Utrogestan

Utrogestan contains micronised natural progesterone, identical in molecular structure to endogenous progesterone produced by the corpus luteum.

It is licensed for hormone replacement therapy (HRT) as the progestogen component in women with an intact uterus receiving oestrogen replacement, and for the management of luteal insufficiency in assisted reproductive technology (ART) cycles.

Micronised progesterone is preferred over synthetic progestogens by many clinicians due to evidence suggesting a more favourable safety profile, particularly regarding breast cancer risk and venous thromboembolism.

The NICE guideline on menopause (NG23) acknowledges micronised progesterone as an option for endometrial protection during HRT.

It can be taken orally or used vaginally (off-label for HRT in the UK, on-label for ART).

The oral route undergoes significant first-pass hepatic metabolism, producing the active metabolite allopregnanolone, which has sedative anxiolytic properties.

This pharmacological characteristic makes bedtime dosing advantageous.

Utrogestan is also used in some protocols for luteal phase support in fertility treatment and for managing certain causes of abnormal uterine bleeding.

For HRT (endometrial protection): Take 200 mg orally at bedtime on days 1-12 (or 1-14) of each 28-day oestrogen replacement cycle (sequential regimen), or 100 mg daily continuously alongside continuous oestrogen (continuous combined regimen).

Swallow capsules whole with water on an empty stomach, as food increases bioavailability unpredictably. Taking the dose at bedtime minimises drowsiness from the sedative metabolite allopregnanolone.

For ART (luteal phase support): Insert 200-400 mg vaginally per day, typically starting from the day of embryo transfer or oocyte retrieval, and continue for 10-12 weeks or as directed by your fertility specialist.

Do not chew or break the capsules. If you miss an oral dose, take it when remembered unless it is nearly time for the next dose.

Sequential HRT: 200 mg orally at bedtime for 12-14 days per 28-day cycle.

Continuous combined HRT: 100 mg orally at bedtime daily.

Luteal phase support (ART): 200-400 mg vaginally per day, divided into one or two doses.

Doses above 200 mg orally should be split (e.g. 100 mg in the morning and 200 mg at bedtime), though single bedtime dosing of 200 mg is standard.

In hepatic impairment, oral bioavailability may be altered; vaginal administration avoids first-pass metabolism and may be preferable. No dose adjustment is needed for renal impairment.

Side effects are from SmPC data and clinical experience.
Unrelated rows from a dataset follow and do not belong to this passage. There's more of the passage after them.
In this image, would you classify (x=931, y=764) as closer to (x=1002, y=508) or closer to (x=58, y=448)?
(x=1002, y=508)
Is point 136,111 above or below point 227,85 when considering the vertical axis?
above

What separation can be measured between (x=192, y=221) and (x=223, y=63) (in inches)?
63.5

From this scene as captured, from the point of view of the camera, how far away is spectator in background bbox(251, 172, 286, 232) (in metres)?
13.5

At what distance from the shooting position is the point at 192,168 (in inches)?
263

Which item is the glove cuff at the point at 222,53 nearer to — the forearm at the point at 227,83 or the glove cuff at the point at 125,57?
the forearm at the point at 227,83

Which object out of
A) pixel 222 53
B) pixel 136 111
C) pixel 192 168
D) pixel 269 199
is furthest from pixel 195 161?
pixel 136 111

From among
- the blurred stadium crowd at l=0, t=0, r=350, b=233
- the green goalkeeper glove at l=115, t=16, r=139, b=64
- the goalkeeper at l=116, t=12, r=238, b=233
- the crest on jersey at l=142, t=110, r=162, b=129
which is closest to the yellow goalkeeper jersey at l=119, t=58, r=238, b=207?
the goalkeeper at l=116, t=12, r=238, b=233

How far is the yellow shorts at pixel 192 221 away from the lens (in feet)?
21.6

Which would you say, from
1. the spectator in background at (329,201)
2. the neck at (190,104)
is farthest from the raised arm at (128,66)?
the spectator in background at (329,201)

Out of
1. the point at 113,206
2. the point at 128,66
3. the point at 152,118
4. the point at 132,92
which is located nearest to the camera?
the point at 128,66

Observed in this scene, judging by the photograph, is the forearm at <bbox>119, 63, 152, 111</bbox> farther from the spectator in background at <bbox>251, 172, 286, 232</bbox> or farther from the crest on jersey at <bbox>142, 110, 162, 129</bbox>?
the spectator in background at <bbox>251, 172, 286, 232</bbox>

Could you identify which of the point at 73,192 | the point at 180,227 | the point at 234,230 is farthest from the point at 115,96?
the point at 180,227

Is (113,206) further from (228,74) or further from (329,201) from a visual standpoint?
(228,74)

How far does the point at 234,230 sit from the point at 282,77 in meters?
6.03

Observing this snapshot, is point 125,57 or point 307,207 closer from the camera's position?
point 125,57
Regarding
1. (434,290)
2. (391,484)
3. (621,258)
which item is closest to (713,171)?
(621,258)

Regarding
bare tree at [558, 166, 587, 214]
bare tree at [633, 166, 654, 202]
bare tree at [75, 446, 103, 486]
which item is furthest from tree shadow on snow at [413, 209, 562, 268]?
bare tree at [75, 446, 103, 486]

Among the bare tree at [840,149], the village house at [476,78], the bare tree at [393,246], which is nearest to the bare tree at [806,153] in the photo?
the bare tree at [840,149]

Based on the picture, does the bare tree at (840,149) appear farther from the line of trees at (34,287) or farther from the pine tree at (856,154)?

Common (≥1/100 to <1/10): Drowsiness and somnolence (particularly with oral dosing, attributed to allopregnanolone), headache, dizziness, abdominal bloating, nausea, breast tenderness, altered menstrual bleeding pattern.

Uncommon (≥1/1,000 to <1/100): Depression, insomnia, acne, pruritus, urticaria, cholestatic jaundice, altered libido.

Rare (≥1/10,000 to <1/1,000): Chloasma, anaphylaxis, thromboembolism (though the risk with micronised progesterone appears lower than with synthetic progestogens based on observational data).

Vaginal administration is associated with local irritation and discharge but fewer systemic side effects such as drowsiness.

The sedative effect of oral administration is generally regarded as a benefit at bedtime rather than an adverse effect.

Utrogestan should be used as part of a combined HRT regimen in women with an intact uterus; unopposed oestrogen increases the risk of endometrial hyperplasia and carcinoma.

The MHRA advises that all HRT should be prescribed at the lowest effective dose for the shortest duration necessary, with regular clinical review (at least annually).

Data from the E3N cohort study and the KEEPS trial suggest micronised progesterone may have a lower breast cancer risk than synthetic progestogens, but no absolute safety guarantee can be given.

Patients with porphyria should use progesterone with caution. Avoid in patients with undiagnosed vaginal bleeding until the cause has been established.

Utrogestan is contraindicated in known or suspected breast cancer, known or suspected sex steroid-dependent malignancies, undiagnosed vaginal bleeding, active or recent arterial thromboembolism, active or history of venous thromboembolism (unless anticoagulated), severe hepatic impairment or active hepatic disease, hypersensitivity to progesterone or any excipient (the capsules contain soya lecithin and peanut oil — contraindicated in patients with peanut or soya allergy), and porphyria.